Le 14 octobre, M. le commandant du Paty de Clam, chef de bataillon hors cadre, fut délégué par le ministre de la guerre comme officier de police judiciaire à l’effet de procéder à l’instruction de l’affaire et à l’arrestation du capitaine Dreyfus.

Ainsi, puisqu’il nous faut toujours ignorer la pièce que le général Mercier continuait à tenir secrète et à dérober à l’instruction comme elle le sera à la défense, il suffisait de deux expertises contradictoires pour jeter en prison un homme que rien n’accusait. Avec ce système, on peut emprisonner tout le monde. Si l’on admet que le témoignage de deux experts, en l’absence de toute autre preuve, est suffisant pour accuser quelqu’un et pour convaincre un juge, c’en est fait de la liberté de chacun. Que dire alors, lorsqu’on se contente d’une seule affirmation prétendue compétente, quand elle est démentie par l’affirmation contraire d’un expert de compétence égale ? L’égarement fut tel que, je l’affirme encore, on ne songea pas à faire filer l’officier suspect, alors qu’il ne se doutait pas de l’accusation dont il était l’objet, on ne tenta ni de suivre ses démarches, ni de contrôler sa correspondance. On me démentira peut être, on dira que tout cela a été fait, et je le nie.


L’ARRESTATION

Je reviens au récit de l’Éclair. Suivant lui, le commandant du Paty de Clam écrivit le 14 octobre au capitaine Dreyfus pour le prier de vouloir bien venir le trouver au ministère le lendemain matin pour une communication qui l’intéressait :

« Dreyfus, qui était loin de soupçonner que l’on connaissait ses agissements, fut exact au rendez-vous. Il arriva à l’heure fixée, vêtu d’un costume civil.

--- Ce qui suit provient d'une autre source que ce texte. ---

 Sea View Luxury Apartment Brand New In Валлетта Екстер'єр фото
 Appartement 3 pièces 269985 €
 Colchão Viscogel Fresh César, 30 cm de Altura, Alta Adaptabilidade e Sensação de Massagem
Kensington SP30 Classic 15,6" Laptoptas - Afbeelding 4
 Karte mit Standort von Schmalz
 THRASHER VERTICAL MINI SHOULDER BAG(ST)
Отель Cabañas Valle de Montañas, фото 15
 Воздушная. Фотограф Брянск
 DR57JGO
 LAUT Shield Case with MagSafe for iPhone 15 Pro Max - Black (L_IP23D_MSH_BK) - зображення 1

— Je suis très heureux de vous voir, mon cher camarade, lui dit le commandant. Si vous le voulez, nous sortirons ensemble tout à l’heure et je vous communiquerai ce que j’ai à vous dire ; en ce moment je suis très pressé ; soyez donc assez aimable, pour écrire sous ma dictée, pendant que je classe les dossiers que j’ai là, une lettre que j’ai à envoyer au général de Boisdeffre, au sujet de documents qu’il m’a demandés.

— Bien volontiers, mon commandant, répondit Dreyfus.

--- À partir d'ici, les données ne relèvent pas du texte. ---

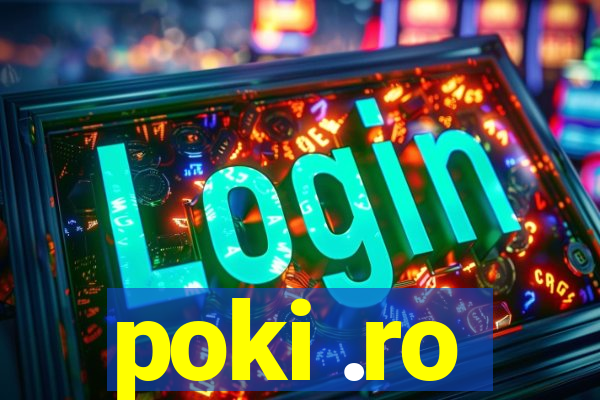 poki .ro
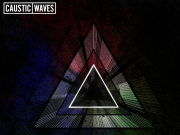 Caustic Waves Unveils New LP ‘Echoes’ Caustic Waves - Echoes on Right Chord Music Blog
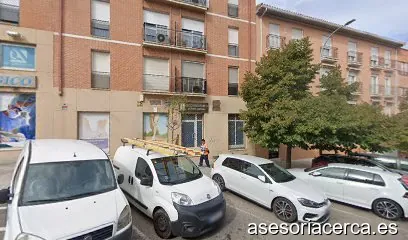 Jec Consultores S.A.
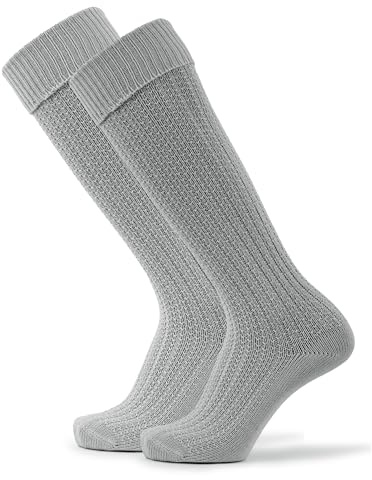 Stockerpoint Calze Tradizionale Lunghe Bavarese Uomo pacco da 1 (modello: OC-Markus)
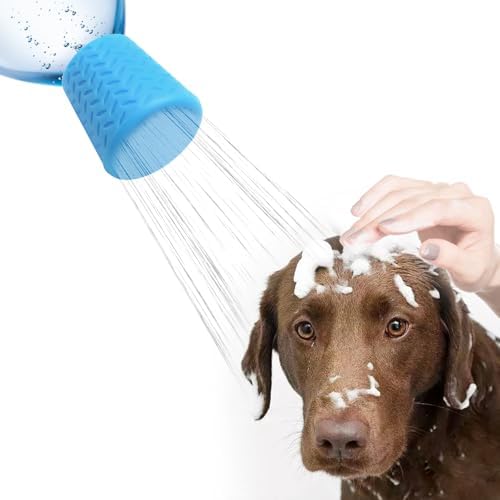 Portable Outdoor Shower for Dogs, 1 Pack - Image 3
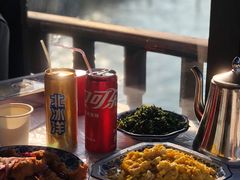 -洞天食府(北大街店)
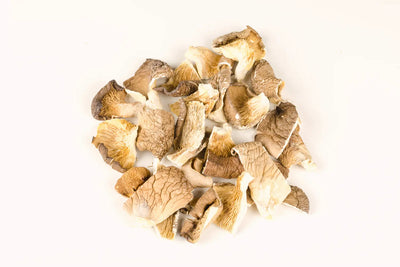 Planet Mushroom - Dried Oyster Mushroom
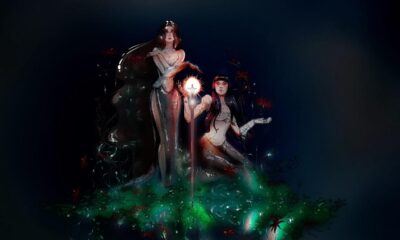 Irina Rimes & Jerry Heil - HORA (Official Visualizer)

Le commandant se mit alors à dicter au capitaine une lettre dont les termes étaient exactement les mêmes que ceux de la lettre dans laquelle le traître annonçait l’envoi des cinq documents que nous avons énoncés plus haut et qui commençait par ces mots : « Je pars… »

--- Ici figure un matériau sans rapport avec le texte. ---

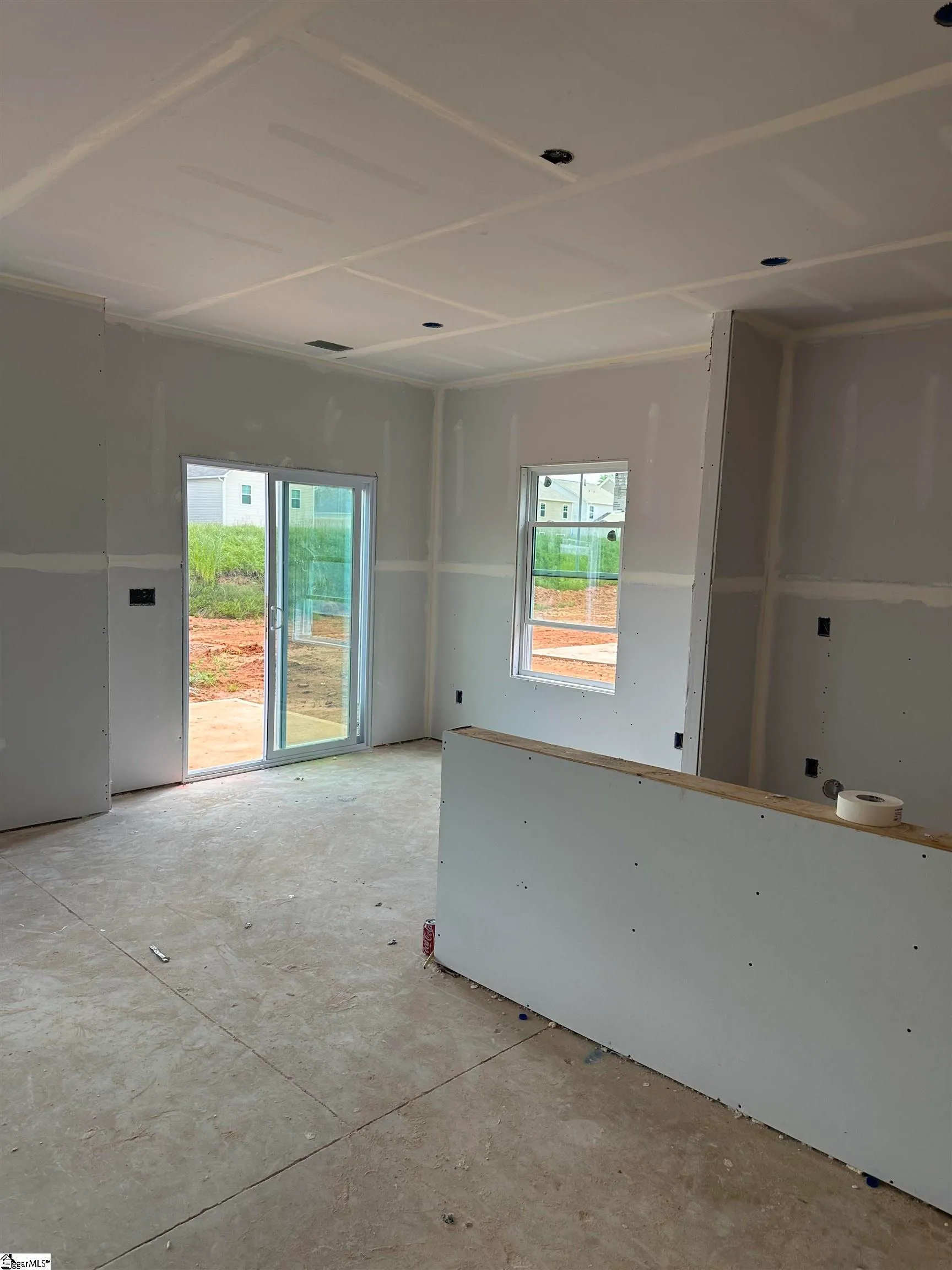 Property image 3 at 220 Brown Circle, Easley, SC 29642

À ces premiers mots, le capitaine pâlit ; sa main trembla, la plume décrivait des sinuosités.

— Mais écrivez donc droit, mon cher, dit le commandant.

Dreyfus chercha à se ressaisir, mais, presque aussitôt, sa main fut agitée par un tremblement nerveux.

— Qu’avez-vous donc ? reprit le commandant.

— J’ai froid aux doigts, répondit, après quelque hésitation, Dreyfus en balbutiant.